─── EXTRACTED RECORDS
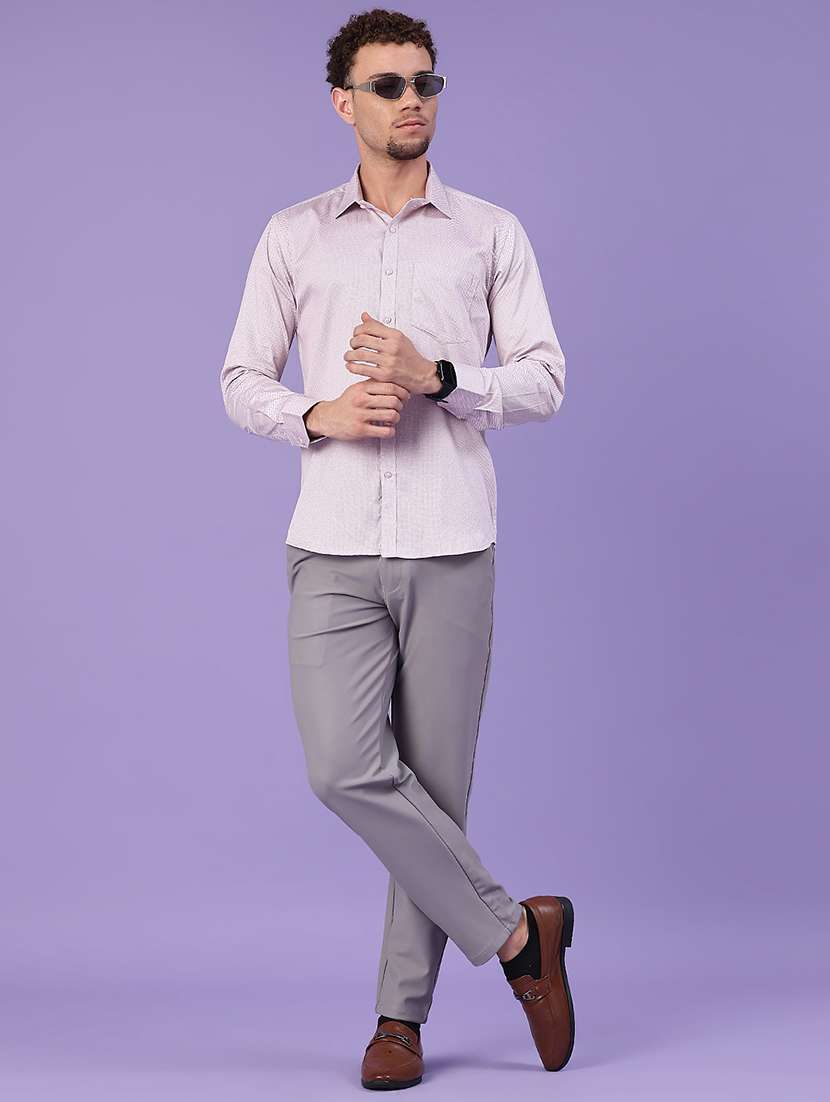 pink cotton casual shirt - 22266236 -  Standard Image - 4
──────
─── EXTRACTED RECORDS
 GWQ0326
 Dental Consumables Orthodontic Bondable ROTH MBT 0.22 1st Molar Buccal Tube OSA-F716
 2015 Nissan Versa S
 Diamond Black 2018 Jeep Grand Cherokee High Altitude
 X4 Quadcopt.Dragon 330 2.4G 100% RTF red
──────
▶ **YOUR OBJECTIVE**: Working from the records above, write out verbatim only the lines from the line containing "Dental Consumables Orthodontic" through the line containing "X4 Quadcopt.Dragon 330 2.4G 100% RTF red".

▶ **ANSWER SECTION**:
 Dental Consumables Orthodontic Bondable ROTH MBT 0.22 1st Molar Buccal Tube OSA-F716
 2015 Nissan Versa S
 Diamond Black 2018 Jeep Grand Cherokee High Altitude
 X4 Quadcopt.Dragon 330 2.4G 100% RTF red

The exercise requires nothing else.